Remember that vendors generally ask a higher price from foreign tourists, and haggling a bit is both expected and accepted. If you buy something, you can usually take a photo of the vendor free of charge, otherwise expect to tip US$1. The farther you get from the main tourist areas, the cheaper things get, so try to get out to one of the more traditional markets outside Cusco, in the Sacred Valley.
There are several markets in and around Cusco just waiting to be explored.

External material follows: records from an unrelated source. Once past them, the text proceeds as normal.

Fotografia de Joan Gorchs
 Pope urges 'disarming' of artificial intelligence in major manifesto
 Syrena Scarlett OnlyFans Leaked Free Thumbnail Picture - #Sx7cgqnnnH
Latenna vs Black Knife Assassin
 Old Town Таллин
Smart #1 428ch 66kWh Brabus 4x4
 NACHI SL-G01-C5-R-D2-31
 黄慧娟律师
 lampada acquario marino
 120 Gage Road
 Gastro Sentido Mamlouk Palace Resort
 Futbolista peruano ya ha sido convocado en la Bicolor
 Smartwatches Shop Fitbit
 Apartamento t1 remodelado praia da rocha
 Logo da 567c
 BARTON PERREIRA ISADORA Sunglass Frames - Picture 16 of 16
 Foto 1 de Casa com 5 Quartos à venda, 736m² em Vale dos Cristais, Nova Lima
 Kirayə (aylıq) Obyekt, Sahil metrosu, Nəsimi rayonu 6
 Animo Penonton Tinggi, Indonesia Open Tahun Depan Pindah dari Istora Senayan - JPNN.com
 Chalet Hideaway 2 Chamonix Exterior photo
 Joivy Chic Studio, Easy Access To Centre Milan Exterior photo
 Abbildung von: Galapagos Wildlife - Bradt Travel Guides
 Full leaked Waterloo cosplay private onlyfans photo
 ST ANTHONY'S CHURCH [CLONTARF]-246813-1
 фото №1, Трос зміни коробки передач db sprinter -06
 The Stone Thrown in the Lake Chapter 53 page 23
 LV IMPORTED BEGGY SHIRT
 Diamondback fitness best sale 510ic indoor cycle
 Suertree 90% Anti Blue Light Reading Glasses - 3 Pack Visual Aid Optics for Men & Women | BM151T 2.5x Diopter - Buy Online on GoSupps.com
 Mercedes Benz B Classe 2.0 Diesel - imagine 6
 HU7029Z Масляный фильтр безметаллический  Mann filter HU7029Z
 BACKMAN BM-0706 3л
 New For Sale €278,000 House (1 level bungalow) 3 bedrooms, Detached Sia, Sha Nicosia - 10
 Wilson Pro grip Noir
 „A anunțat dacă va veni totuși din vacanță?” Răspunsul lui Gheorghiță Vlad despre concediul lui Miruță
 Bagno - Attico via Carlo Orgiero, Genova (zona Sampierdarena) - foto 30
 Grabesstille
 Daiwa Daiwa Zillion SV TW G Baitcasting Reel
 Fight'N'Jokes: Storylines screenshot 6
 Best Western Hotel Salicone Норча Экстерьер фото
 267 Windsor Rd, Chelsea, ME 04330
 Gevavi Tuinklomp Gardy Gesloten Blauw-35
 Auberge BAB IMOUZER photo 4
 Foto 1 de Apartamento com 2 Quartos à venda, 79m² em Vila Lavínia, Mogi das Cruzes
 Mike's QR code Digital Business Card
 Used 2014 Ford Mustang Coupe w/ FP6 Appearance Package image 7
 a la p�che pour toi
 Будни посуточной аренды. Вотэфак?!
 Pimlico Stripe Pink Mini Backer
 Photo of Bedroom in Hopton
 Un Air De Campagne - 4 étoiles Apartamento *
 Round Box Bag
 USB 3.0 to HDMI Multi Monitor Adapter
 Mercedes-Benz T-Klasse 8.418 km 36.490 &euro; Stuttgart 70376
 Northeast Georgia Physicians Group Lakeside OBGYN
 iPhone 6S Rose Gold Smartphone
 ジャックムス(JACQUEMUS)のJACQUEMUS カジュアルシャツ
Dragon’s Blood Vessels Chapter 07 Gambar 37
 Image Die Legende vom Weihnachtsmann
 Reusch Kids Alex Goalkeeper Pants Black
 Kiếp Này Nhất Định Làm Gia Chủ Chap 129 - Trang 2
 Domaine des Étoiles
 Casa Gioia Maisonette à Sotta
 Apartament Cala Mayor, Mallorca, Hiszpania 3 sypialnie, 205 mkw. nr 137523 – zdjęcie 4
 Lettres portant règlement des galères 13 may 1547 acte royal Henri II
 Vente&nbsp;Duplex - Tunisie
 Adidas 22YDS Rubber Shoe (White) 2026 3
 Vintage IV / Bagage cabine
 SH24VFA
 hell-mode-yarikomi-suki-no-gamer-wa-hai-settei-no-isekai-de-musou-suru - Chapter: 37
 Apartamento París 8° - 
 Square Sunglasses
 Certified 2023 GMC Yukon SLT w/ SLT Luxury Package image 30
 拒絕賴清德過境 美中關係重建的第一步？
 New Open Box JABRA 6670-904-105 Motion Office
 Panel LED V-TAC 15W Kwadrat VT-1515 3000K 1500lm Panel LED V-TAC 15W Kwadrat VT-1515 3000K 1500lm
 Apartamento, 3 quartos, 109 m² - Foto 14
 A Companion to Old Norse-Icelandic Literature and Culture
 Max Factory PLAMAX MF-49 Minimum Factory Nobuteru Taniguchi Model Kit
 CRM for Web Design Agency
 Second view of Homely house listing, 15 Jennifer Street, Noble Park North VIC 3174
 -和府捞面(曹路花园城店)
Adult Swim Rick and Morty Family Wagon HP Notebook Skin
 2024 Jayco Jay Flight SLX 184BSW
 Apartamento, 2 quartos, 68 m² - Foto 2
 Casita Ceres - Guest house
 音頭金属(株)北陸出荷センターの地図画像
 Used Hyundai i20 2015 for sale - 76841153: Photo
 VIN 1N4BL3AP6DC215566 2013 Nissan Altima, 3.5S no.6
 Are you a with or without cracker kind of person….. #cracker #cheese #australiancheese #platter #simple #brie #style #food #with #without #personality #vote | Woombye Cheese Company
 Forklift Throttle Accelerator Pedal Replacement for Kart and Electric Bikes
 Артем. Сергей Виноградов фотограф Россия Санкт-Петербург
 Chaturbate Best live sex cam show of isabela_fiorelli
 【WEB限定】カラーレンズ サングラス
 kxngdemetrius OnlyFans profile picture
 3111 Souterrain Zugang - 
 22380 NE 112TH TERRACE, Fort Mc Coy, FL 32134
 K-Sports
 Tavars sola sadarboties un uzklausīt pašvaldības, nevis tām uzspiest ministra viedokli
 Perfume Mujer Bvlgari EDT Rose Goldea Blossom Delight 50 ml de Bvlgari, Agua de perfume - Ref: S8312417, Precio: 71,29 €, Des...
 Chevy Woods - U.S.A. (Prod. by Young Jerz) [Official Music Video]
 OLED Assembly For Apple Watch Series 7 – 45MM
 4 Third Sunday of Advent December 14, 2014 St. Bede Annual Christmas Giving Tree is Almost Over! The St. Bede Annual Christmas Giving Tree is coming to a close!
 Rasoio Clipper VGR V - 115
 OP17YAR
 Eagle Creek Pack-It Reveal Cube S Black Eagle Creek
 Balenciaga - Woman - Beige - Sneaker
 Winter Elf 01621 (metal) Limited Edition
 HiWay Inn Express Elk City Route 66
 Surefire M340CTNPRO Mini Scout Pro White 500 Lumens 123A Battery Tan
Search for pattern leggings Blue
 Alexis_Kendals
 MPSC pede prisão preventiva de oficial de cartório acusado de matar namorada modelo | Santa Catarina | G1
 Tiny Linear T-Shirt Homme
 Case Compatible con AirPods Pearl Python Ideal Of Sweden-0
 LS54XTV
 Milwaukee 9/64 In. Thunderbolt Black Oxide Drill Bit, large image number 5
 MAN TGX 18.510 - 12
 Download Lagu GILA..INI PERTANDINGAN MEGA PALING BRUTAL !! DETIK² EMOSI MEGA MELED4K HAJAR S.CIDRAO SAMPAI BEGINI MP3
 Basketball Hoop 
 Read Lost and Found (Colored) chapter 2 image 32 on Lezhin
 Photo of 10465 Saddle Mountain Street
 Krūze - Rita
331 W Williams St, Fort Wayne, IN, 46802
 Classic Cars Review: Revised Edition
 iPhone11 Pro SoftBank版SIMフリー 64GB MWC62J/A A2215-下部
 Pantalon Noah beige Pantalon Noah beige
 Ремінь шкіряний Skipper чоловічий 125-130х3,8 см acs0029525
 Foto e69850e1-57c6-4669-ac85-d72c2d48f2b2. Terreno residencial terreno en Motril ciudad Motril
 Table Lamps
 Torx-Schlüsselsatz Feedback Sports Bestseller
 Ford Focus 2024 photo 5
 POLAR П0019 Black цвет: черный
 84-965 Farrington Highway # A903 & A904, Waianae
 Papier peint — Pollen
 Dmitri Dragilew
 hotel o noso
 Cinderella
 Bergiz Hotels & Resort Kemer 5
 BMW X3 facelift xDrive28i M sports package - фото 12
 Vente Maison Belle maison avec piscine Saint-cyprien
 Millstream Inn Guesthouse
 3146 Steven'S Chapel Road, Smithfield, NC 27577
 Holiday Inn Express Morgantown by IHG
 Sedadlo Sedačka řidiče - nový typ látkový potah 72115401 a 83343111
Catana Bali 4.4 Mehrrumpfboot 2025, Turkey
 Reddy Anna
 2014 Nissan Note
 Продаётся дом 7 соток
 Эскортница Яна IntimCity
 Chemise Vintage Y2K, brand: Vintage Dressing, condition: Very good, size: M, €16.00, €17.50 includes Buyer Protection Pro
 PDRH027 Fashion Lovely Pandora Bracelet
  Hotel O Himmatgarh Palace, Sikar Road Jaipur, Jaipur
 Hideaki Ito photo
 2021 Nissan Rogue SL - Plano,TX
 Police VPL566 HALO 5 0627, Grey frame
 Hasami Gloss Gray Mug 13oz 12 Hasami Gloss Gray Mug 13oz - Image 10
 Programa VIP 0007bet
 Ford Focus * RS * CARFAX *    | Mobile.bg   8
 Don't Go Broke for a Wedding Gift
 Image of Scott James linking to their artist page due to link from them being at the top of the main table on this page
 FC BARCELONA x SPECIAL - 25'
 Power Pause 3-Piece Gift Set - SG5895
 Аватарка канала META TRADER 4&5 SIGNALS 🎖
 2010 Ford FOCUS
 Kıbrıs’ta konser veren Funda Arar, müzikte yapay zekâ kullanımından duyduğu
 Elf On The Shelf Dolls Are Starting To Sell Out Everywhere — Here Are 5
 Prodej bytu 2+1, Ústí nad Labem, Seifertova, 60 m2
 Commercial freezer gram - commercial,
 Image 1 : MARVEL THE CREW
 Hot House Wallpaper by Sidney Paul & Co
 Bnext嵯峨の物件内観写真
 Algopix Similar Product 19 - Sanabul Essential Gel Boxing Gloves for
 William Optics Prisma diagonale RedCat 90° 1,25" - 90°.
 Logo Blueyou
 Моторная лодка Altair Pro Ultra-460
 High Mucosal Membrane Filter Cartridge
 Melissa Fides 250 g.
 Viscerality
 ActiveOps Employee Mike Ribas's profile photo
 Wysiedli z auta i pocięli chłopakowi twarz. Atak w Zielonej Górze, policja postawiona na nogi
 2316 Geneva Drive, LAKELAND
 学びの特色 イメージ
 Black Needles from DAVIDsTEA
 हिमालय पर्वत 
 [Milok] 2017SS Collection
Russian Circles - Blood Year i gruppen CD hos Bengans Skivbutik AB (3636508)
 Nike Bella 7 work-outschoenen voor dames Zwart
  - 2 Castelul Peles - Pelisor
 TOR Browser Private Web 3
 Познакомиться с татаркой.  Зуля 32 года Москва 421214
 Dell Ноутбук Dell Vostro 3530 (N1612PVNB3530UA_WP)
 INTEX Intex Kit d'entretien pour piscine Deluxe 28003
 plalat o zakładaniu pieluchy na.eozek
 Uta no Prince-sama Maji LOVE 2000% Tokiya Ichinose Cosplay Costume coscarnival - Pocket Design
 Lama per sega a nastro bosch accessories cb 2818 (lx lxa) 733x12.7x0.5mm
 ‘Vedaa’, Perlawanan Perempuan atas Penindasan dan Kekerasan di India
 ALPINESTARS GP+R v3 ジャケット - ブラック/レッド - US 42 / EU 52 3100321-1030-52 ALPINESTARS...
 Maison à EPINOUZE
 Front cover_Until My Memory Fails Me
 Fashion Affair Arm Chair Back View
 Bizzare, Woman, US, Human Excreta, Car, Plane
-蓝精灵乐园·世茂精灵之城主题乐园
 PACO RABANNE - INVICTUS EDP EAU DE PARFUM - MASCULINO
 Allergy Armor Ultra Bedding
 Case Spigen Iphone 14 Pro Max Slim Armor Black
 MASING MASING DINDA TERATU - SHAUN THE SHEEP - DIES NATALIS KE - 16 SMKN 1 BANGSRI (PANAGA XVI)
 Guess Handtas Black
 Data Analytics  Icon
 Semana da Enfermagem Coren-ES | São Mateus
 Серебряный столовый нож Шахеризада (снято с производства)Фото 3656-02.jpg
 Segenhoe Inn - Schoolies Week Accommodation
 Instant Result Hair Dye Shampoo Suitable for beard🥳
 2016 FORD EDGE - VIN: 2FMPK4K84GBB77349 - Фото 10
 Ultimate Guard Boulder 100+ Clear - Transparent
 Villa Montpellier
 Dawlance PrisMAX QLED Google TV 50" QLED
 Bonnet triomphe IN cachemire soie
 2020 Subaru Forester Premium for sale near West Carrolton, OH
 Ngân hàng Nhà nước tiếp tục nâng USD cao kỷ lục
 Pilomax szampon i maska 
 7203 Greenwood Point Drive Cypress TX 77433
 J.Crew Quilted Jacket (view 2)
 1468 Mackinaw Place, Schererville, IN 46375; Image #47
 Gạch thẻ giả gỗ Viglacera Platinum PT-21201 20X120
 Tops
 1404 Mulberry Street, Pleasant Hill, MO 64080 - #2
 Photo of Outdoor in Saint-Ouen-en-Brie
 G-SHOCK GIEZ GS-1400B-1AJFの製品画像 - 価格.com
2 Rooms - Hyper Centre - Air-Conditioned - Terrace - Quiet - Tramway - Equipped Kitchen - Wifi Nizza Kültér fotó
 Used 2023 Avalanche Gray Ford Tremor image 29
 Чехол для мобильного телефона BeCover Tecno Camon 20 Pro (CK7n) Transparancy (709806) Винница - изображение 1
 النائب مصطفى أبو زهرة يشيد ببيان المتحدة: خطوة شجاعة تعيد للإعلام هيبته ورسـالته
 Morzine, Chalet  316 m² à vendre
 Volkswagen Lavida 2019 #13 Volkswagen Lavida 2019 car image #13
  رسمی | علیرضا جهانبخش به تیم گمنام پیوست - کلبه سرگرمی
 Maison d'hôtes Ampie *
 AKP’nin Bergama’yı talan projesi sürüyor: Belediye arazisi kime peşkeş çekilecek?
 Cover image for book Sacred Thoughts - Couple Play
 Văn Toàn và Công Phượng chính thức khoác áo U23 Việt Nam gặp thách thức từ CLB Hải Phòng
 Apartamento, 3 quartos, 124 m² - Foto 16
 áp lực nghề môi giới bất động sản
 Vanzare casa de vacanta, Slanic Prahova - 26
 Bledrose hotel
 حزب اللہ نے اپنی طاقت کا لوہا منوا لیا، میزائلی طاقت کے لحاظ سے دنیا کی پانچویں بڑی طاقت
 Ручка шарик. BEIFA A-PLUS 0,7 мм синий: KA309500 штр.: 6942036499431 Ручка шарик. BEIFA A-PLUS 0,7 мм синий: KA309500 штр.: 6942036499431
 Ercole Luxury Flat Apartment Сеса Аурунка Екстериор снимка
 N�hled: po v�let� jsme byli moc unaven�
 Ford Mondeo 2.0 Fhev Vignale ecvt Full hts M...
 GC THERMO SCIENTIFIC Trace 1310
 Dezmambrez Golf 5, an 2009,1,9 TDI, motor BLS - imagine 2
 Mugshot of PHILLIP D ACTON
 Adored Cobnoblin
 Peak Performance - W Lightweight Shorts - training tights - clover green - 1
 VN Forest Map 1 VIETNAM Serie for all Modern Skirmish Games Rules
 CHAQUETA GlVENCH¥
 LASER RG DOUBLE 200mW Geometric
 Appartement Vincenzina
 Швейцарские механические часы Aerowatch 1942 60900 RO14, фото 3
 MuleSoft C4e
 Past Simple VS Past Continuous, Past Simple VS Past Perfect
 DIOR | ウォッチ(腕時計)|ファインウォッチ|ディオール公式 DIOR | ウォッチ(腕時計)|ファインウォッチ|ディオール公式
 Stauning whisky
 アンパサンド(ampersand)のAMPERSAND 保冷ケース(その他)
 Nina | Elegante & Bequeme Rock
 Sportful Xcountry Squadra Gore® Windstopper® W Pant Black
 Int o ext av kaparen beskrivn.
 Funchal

The Artisan Market, at the corner of Avenida del Sol and Tullumayo, has a solid selection of handicrafts and souvenirs. While vendors selling generally shoddy items patrol Plaza de Armas daily, there’s a huge handicrafts market right on the square on the first of the month with a wider variety of offerings. El Molino, on the outskirts of town (take a taxi) sells cheap, modern clothing, basic necessities, pirated DVDs and much more. In Aguas Calientes, a more-or-less permanent market sells everything from fine alpaca handicrafts to Machu Picchu shot glasses.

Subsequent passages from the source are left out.